Como a construção do argumento depende da riqueza das palavras, mais uma vez fica evidente que quem trabalha com pessoas, e a todo o instante precisa ser persuasivo, depende criticamente dela, a palavra. E o mundo moderno parece, incompreensivelmente, determinado a maltratá-la. Como consequência, neste início de século tem sido observado, pela primeira vez, a chegada de uma geração menos inteligente do que a anterior.

Muitas evidências sugerem que por trás disso está o empobrecimento da linguagem. E como advertiu Christophe Clavé, um crítico francês: "E não é apenas a redução do vocabulário utilizado, mas também as sutilezas linguísticas que permitem elaborar e formular pensamentos complexos. O desaparecimento gradual dos tempos (subjuntivo, imperfeito, formas compostas do futuro, particípio passado) dá origem a um pensamento quase sempre no presente, limitado ao momento: incapaz de projeções no tempo".

Estudos têm mostrado que parte da violência do cotidiano decorre diretamente da incapacidade de descrever as emoções em palavras.

Menos palavras e menos verbos conjugados significam menor capacidade de processar um pensamento. Como a falta de argumentos lógicos é o caminho mais curto para a agressão, estudos têm mostrado que parte da violência do cotidiano decorre diretamente da incapacidade de descrever as emoções em palavras.
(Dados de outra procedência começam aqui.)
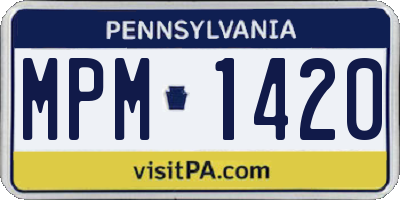 PA license plate MPM1420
Sem palavras para construir um argumento, o pensamento complexo torna-se impossível. Quanto mais pobre a linguagem, mais o pensamento desaparece, e o instinto selvagem arreganha os dentes. Se não houver pensamentos elaborados, não haverá raciocínios críticos. E não há pensamento sem palavras.

Os nossos jovens se tornaram exímios digitadores de símbolos e abreviaturas e perderam, com poucas exceções, a capacidade de redigir um texto que exprima emoção. Quem prefere o espetáculo pronto, como o da TV, por exemplo, no máximo poderá admirar o talento criativo do outro, enquanto atrofia, sem perceber, a sua própria criatividade.

Quem for assistir a um filme sobre um livro que o deslumbrou sairá do cinema decepcionado, porque o diretor mais genial não conseguirá transferir integralmente para aridez de uma tela a riqueza da imaginação criativa do leitor.

Aqueles que afirmam a necessidade de simplificar a grafia, tornar a linguagem mais objetiva, abolir gêneros, tempos, nuances, tudo o que cria complexidade, são os verdadeiros arquitetos do empobrecimento da mente humana.

Não surpreende que na pobreza do vocabulário até a delicada sutileza do humor tenha mirrado, e as redes sociais tenham se obrigado a criar, veja só, os "orientadores do riso". E que ninguém ponha banca de esperto para rir antes do kkk.